=== DATA PROVIDED ===

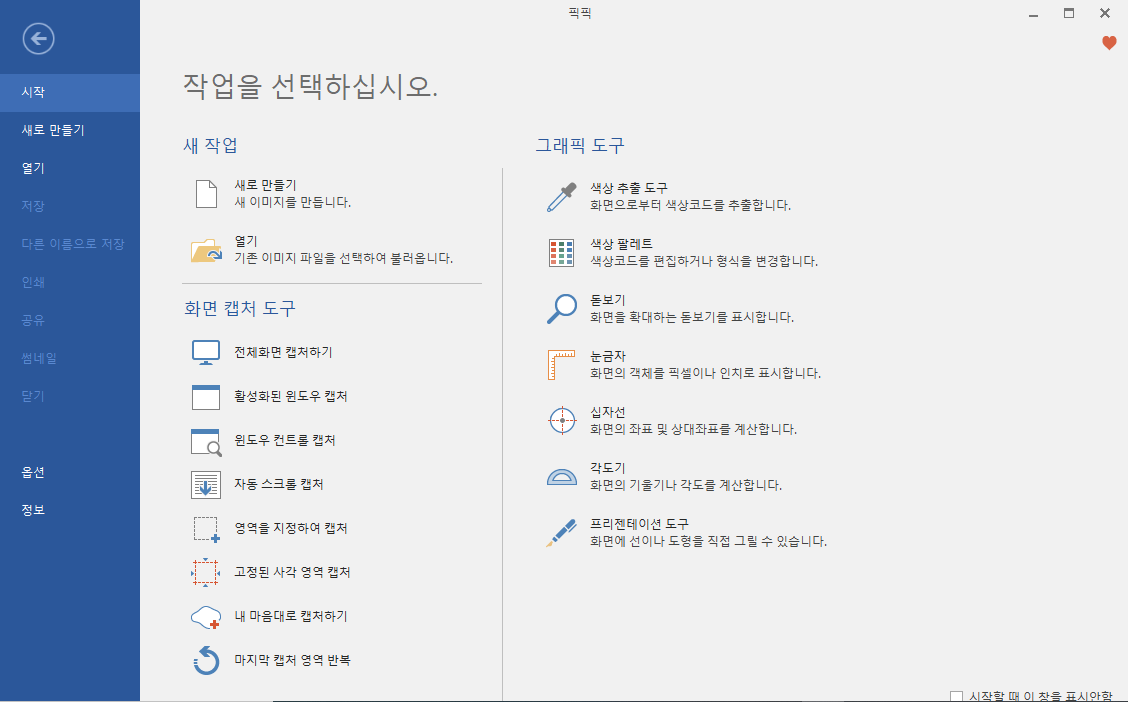 픽픽 메인 화면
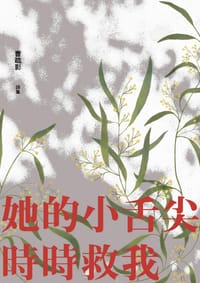 她的小舌尖時時救我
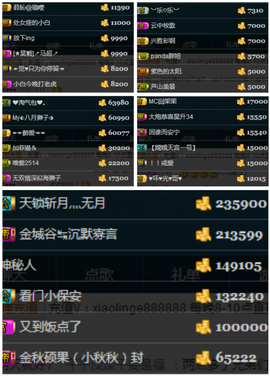 天昊暂休主播照片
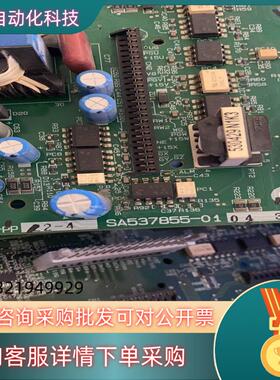 F1-PP-22-4 SA537855-01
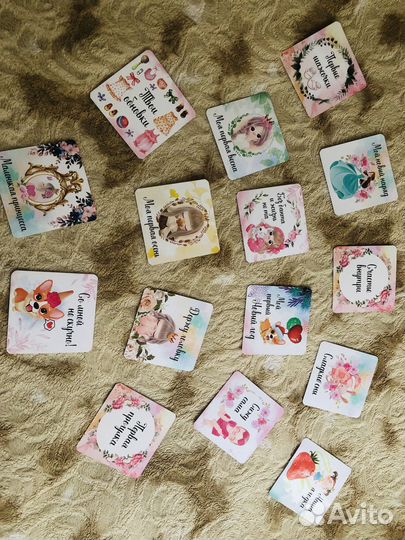 Карточки для фотографии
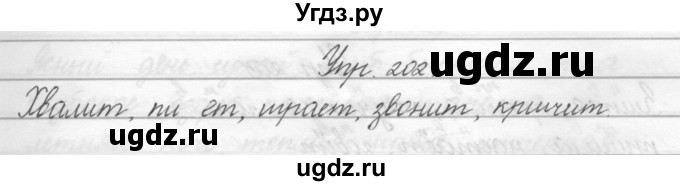ГДЗ (Решебник) по русскому языку 2 класс Полякова А.В. / часть 2. упражнение / 202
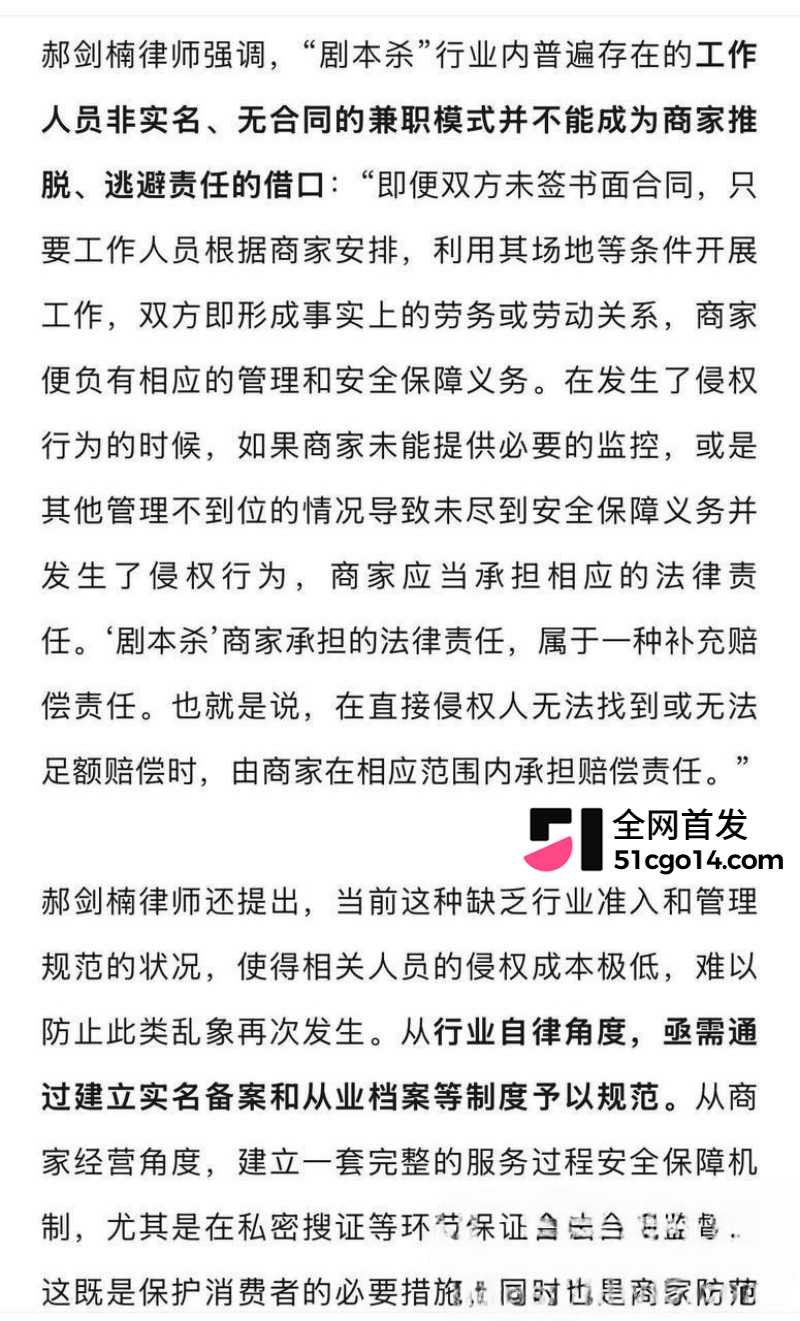 剧本杀恋陪本乱象曝光25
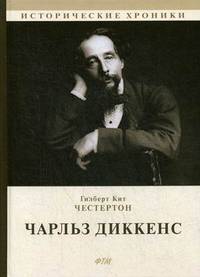 Чарльз Диккенс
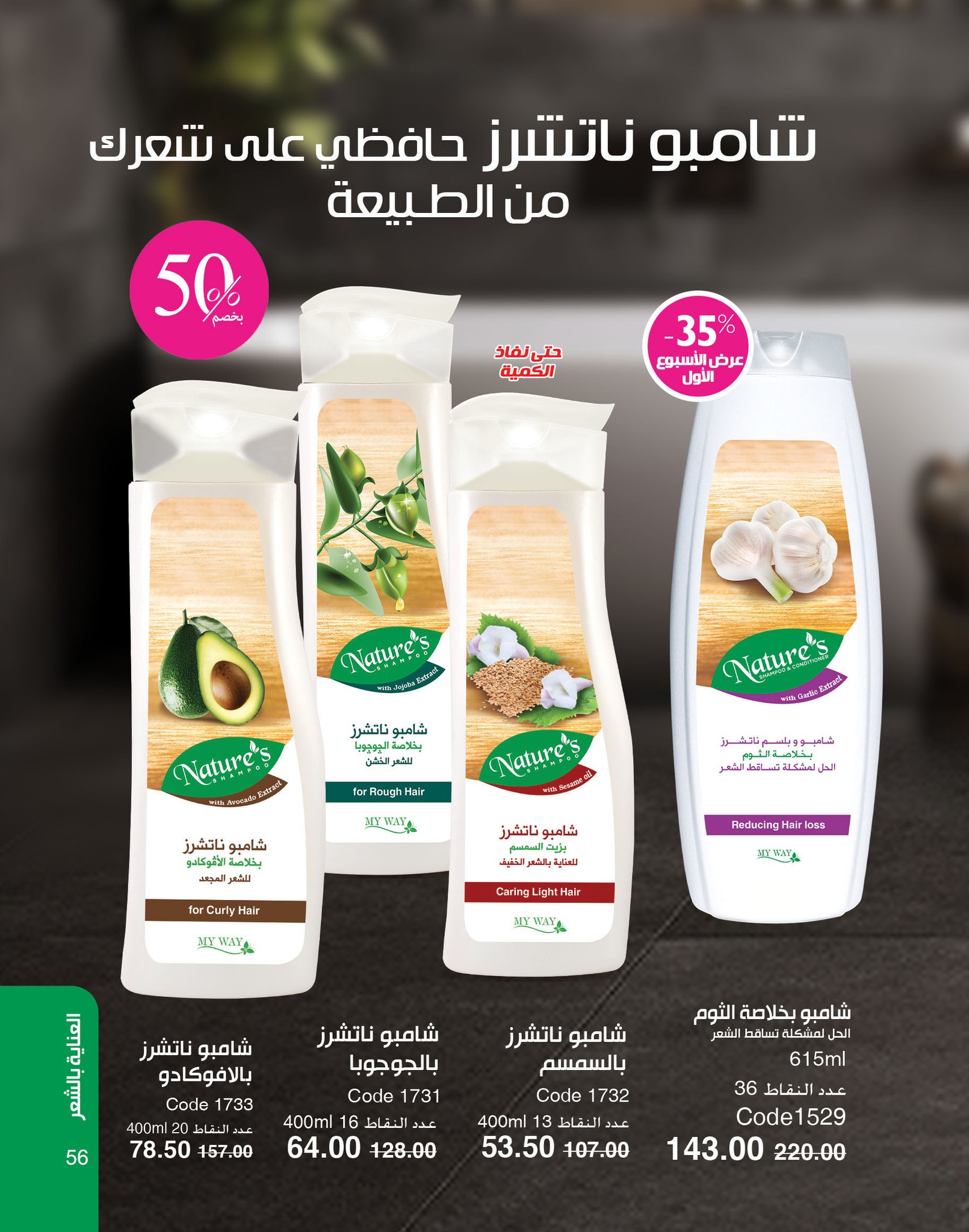 myway offers from 2dec to 2dec 2024 عروض ماى واى من 2 ديسمبر حتى 2 ديسمبر 2024 صفحة رقم 56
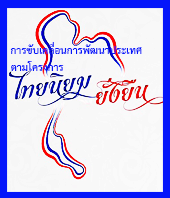 thai ni yom 2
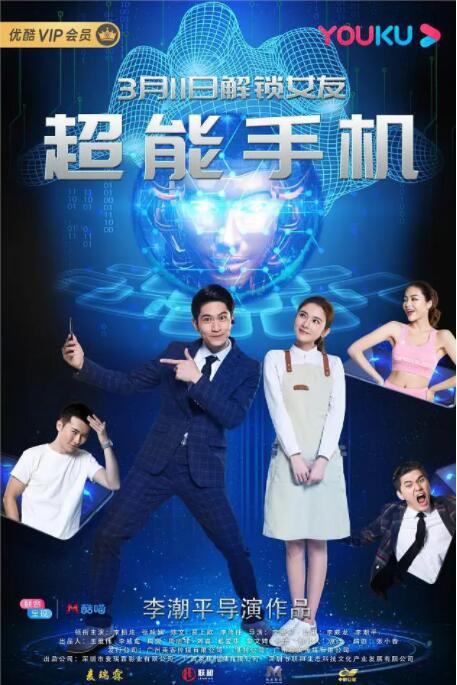 新大妈的呻吟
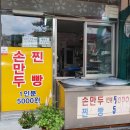 자연애품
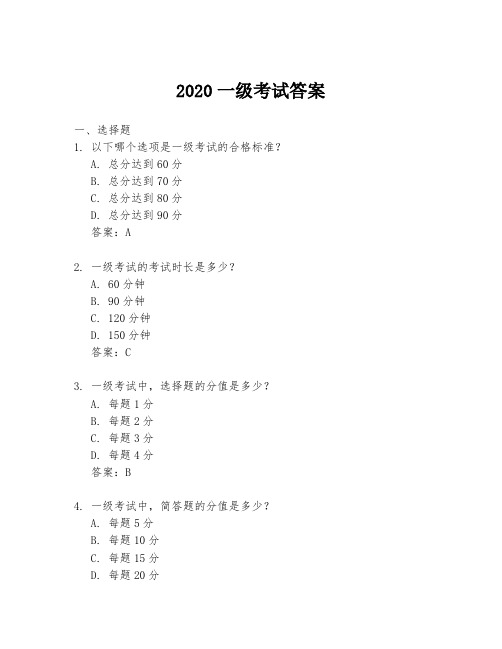 2020一级考试答案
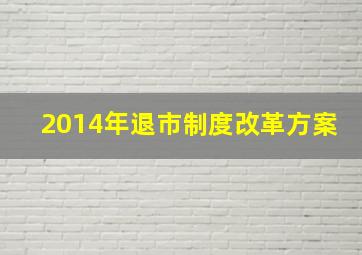 2014年退市制度改革方案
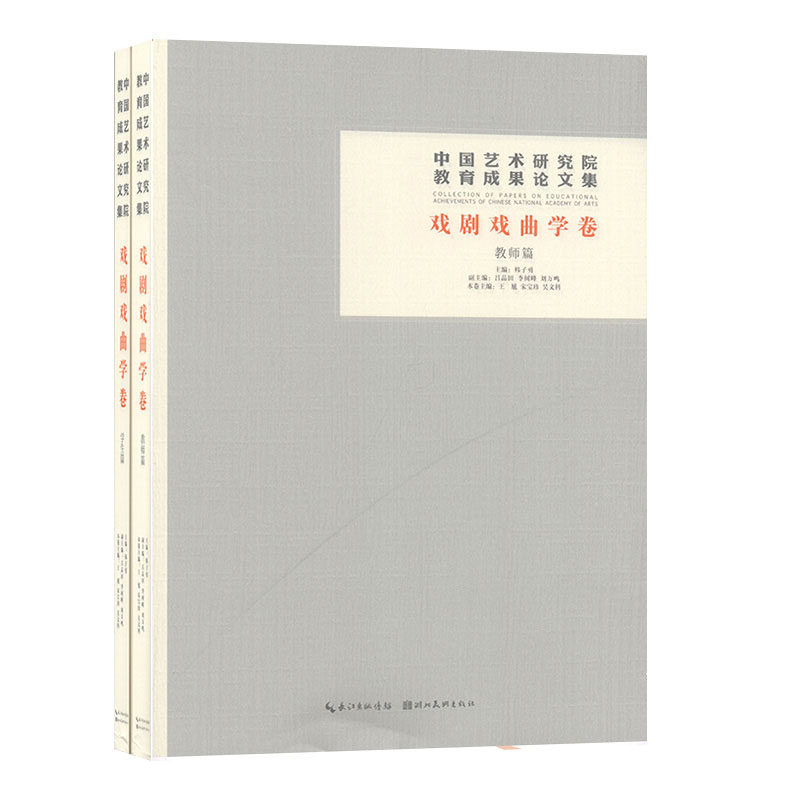 正版包邮 中国艺术研究院教育成果论文集 戏剧戏曲学卷 韩子勇 吕品田 刘万 著 戏剧 舞蹈 艺术 湖北社
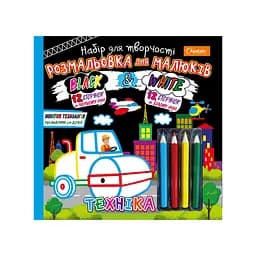 Раскраска для малышей "Black and White" НТ-02 с карандашами Вид 3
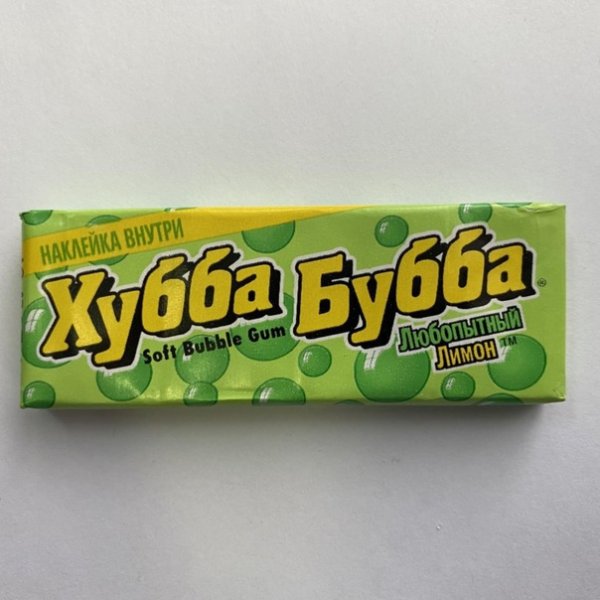 Хубба Бубба жвачка наклейки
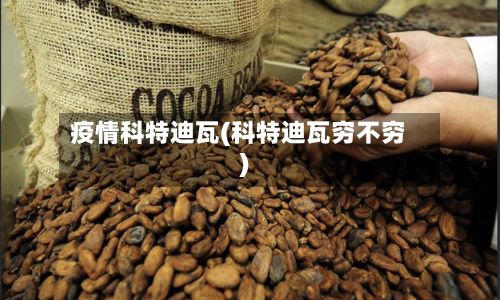 疫情科特迪瓦(科特迪瓦穷不穷)-第3张图片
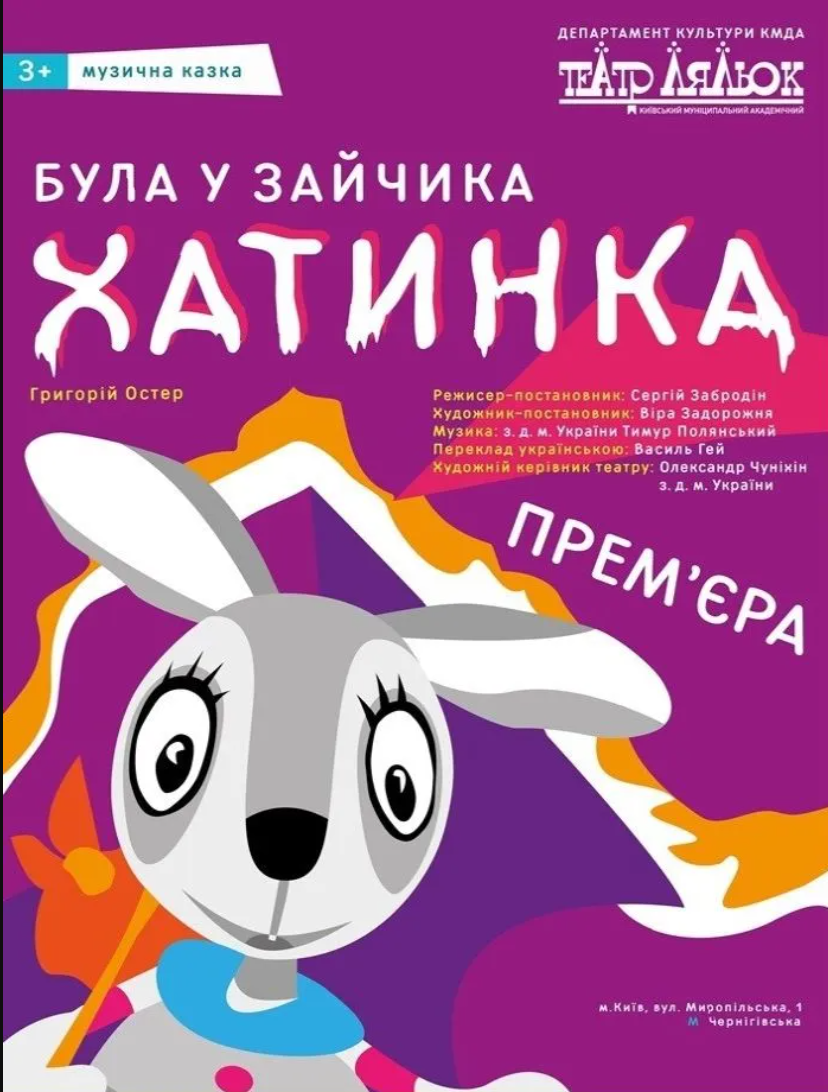 Була у Зайчика хатинка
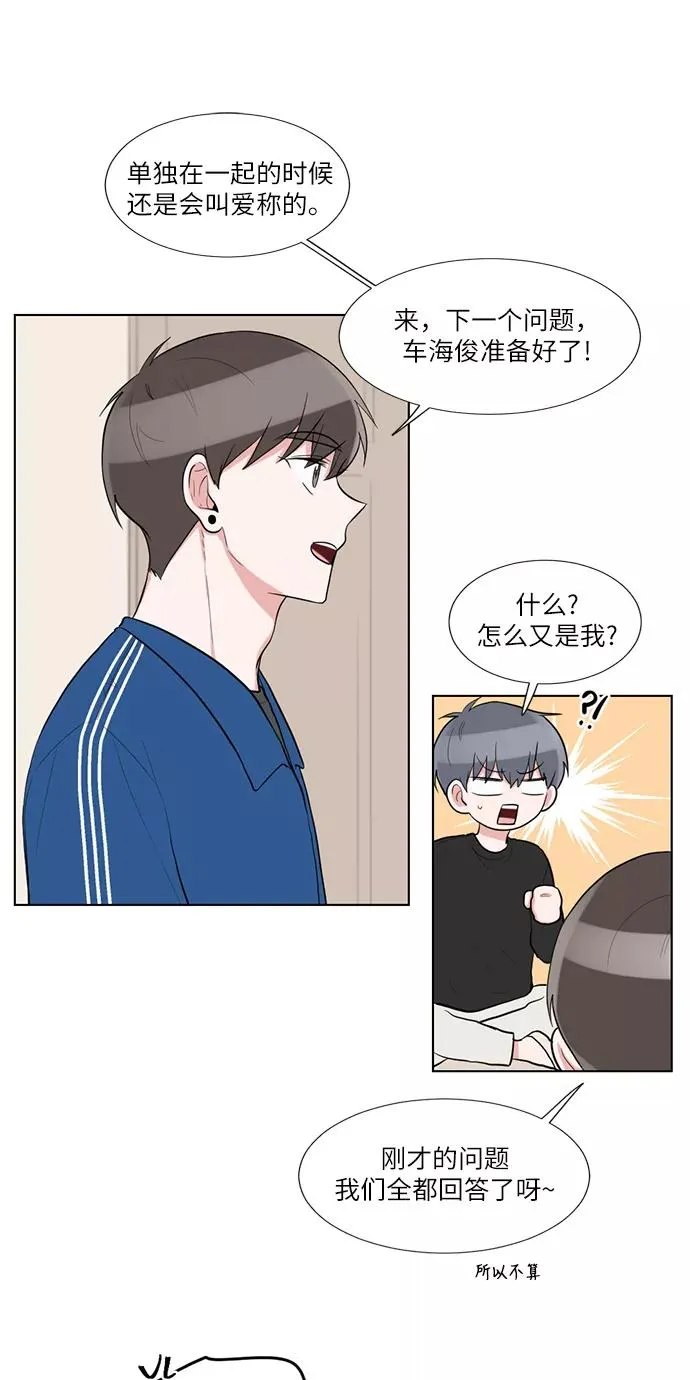 第63话 第26页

===

_WHAT YOU ARE ASKED TO DO:_
Beginning at the line containing "疫情科特迪瓦(科特迪瓦穷不穷)-第3张图片", restate every line through the end of the material above exactly; omit the pictures.

_TASK ANSWER:_
 疫情科特迪瓦(科特迪瓦穷不穷)-第3张图片
 Була у Зайчика хатинка
 第63话 第26页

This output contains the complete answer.